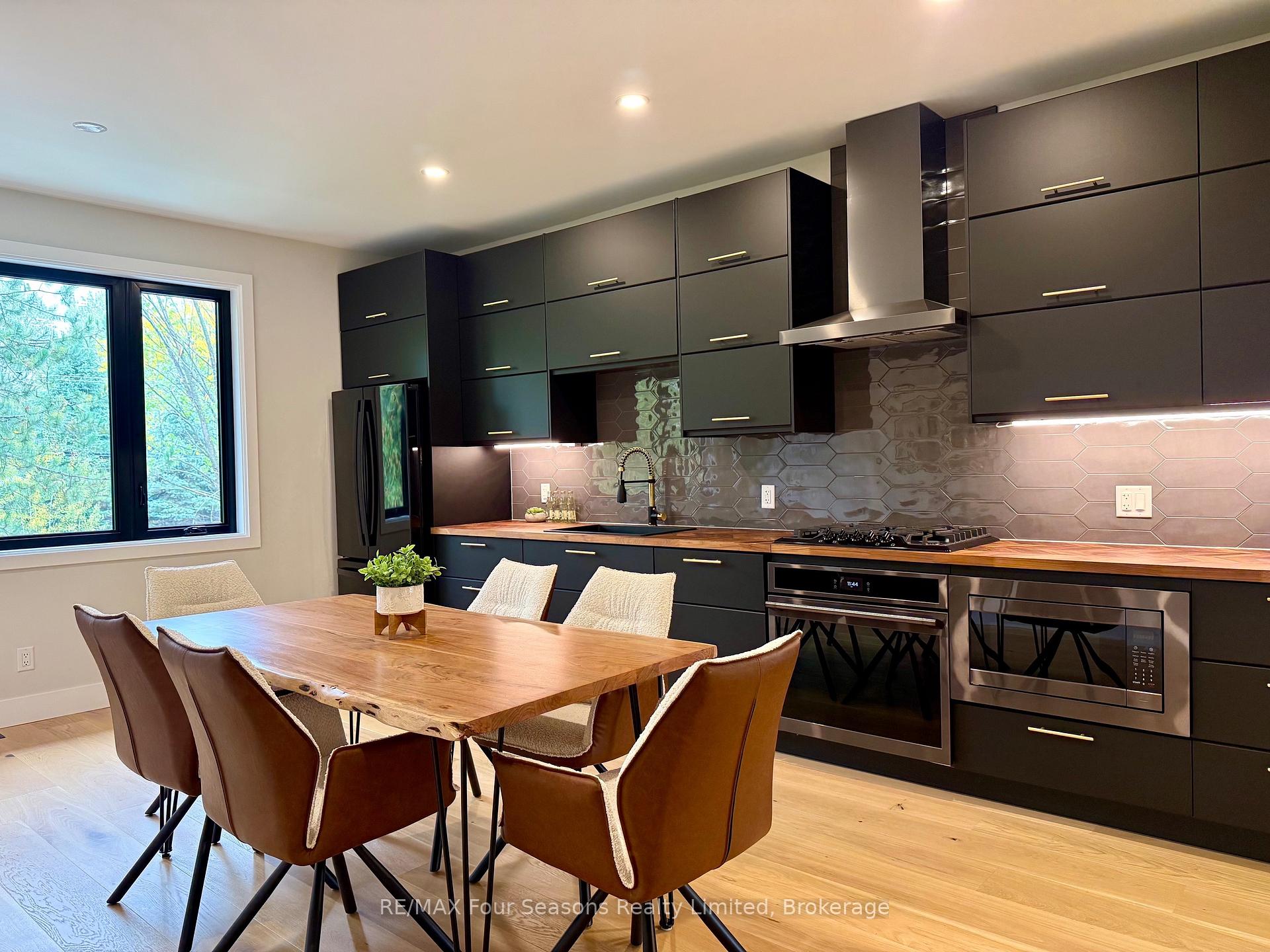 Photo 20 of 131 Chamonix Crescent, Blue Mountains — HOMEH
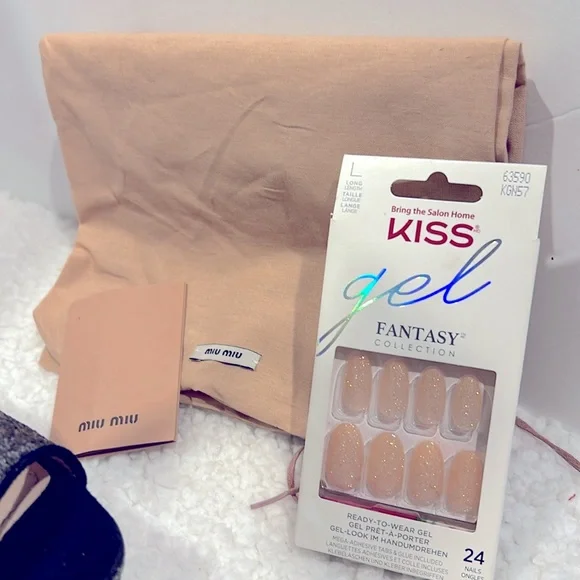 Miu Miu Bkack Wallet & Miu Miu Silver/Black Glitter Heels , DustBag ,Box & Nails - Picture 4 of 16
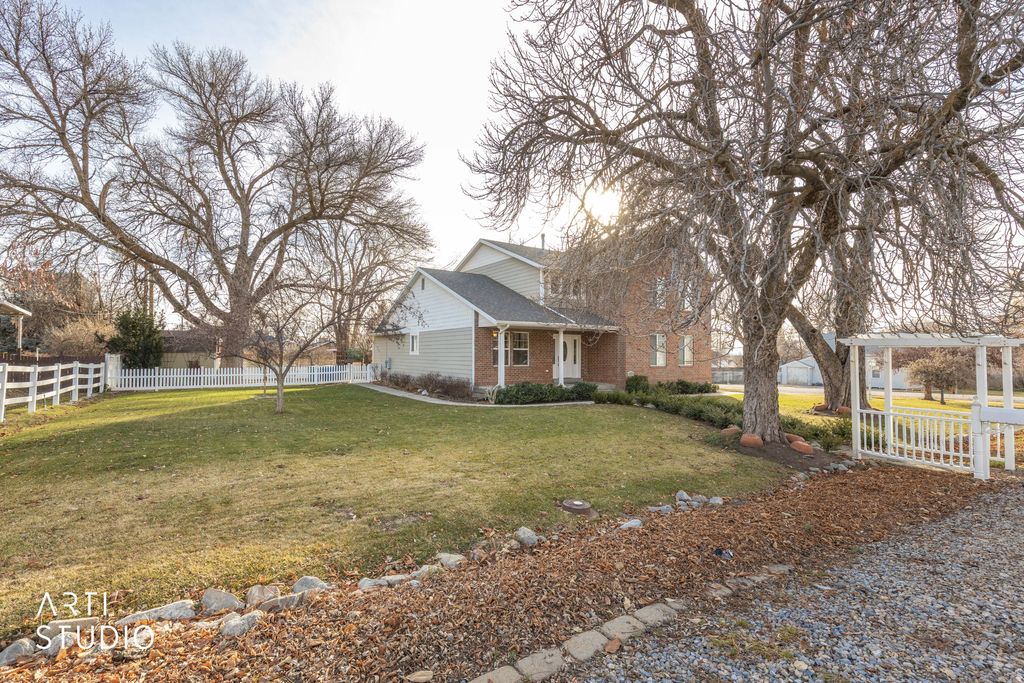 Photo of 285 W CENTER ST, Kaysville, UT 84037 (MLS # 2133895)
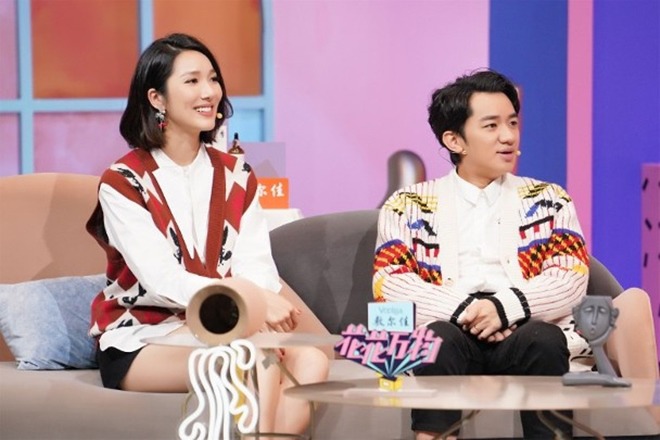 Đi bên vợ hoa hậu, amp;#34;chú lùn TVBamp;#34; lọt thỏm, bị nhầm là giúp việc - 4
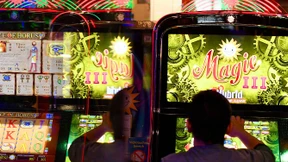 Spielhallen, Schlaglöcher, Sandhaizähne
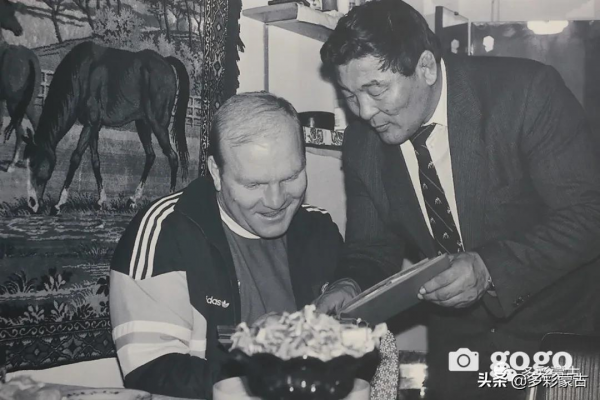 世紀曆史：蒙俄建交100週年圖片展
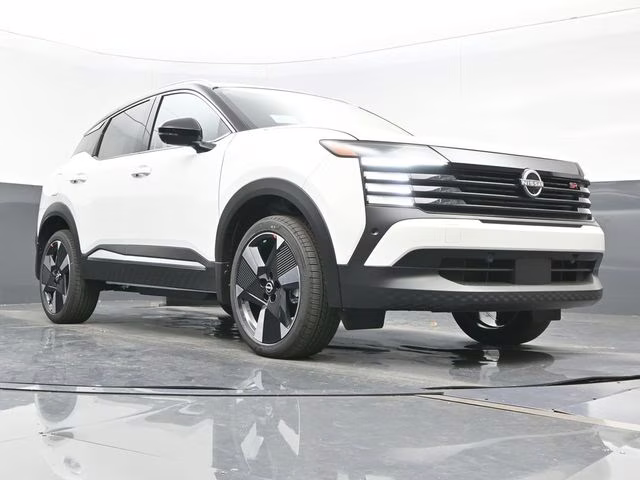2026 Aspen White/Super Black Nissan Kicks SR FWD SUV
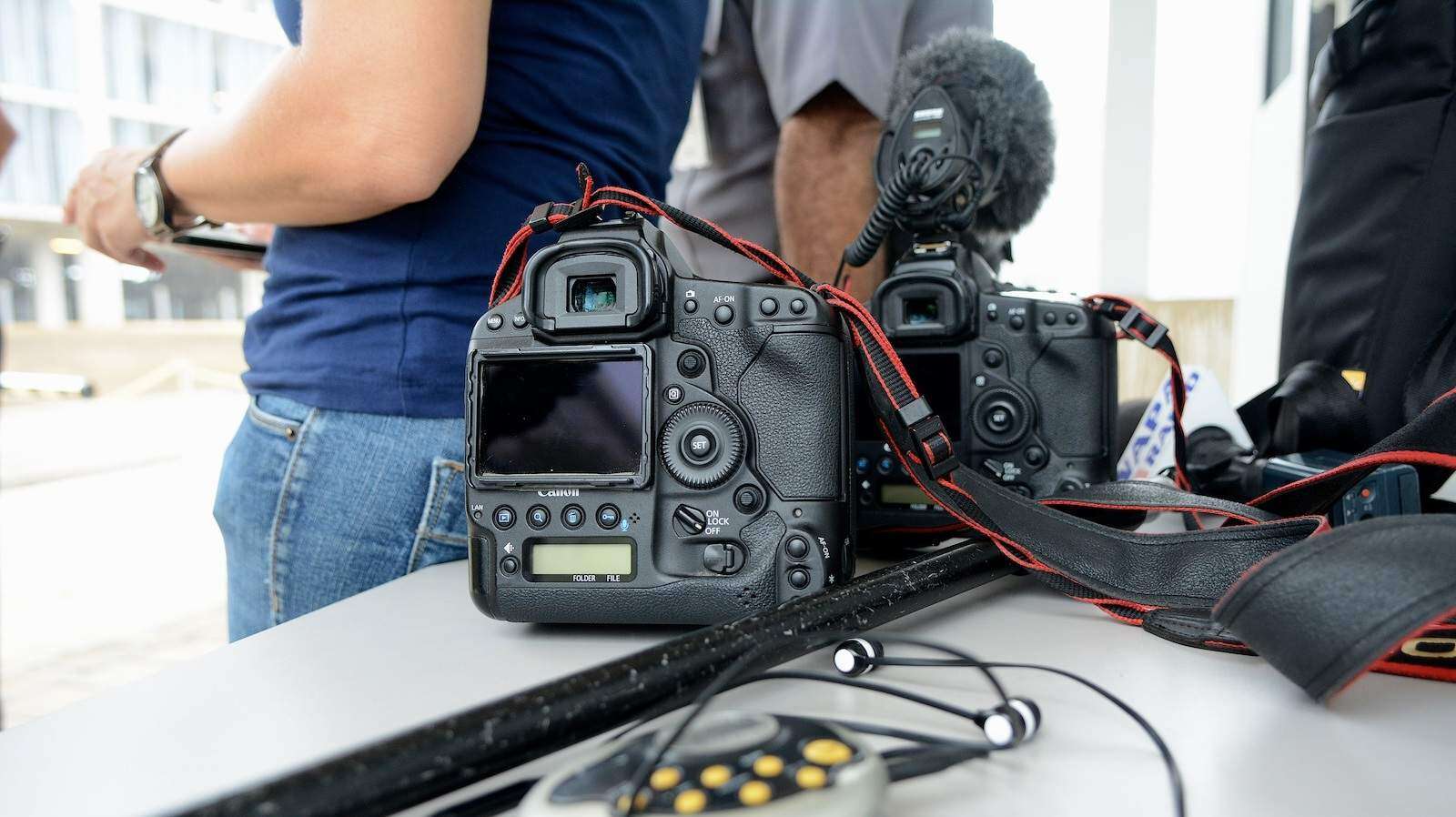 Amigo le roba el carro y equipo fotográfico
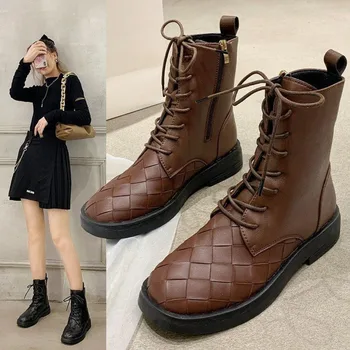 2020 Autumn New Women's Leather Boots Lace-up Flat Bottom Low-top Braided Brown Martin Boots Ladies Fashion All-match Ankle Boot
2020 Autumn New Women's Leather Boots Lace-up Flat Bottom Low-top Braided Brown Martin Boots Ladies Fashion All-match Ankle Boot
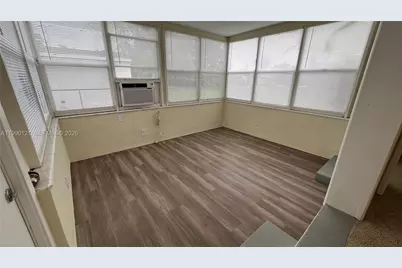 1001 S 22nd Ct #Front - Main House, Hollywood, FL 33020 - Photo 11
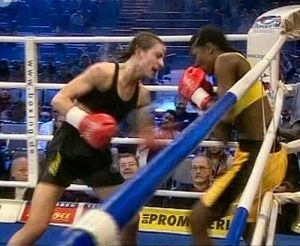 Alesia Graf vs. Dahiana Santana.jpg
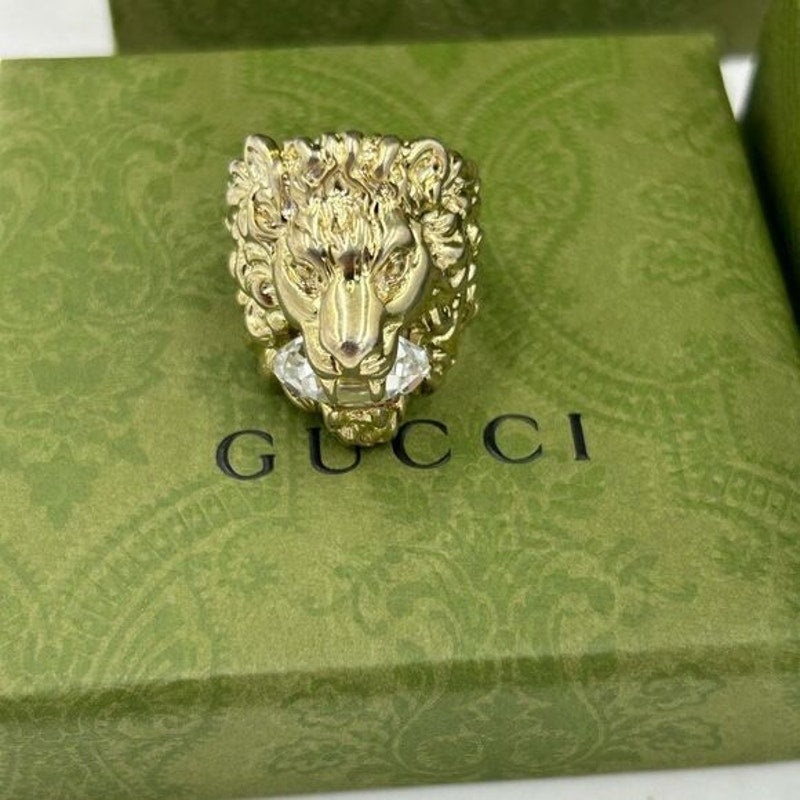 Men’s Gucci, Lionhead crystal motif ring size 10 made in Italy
* * * * * * * * *
■ Exercise brief: Starting at the line that contains "Amigo le roba el carro y equipo fotográfico", output every line through the end of the data, both ends included, and nothing else; pictures stay out.

■ Answer below:
 Amigo le roba el carro y equipo fotográfico
 2020 Autumn New Women's Leather Boots Lace-up Flat Bottom Low-top Braided Brown Martin Boots Ladies Fashion All-match Ankle Boot
2020 Autumn New Women's Leather Boots Lace-up Flat Bottom Low-top Braided Brown Martin Boots Ladies Fashion All-match Ankle Boot
 1001 S 22nd Ct #Front - Main House, Hollywood, FL 33020 - Photo 11
 Alesia Graf vs. Dahiana Santana.jpg
 Men’s Gucci, Lionhead crystal motif ring size 10 made in Italy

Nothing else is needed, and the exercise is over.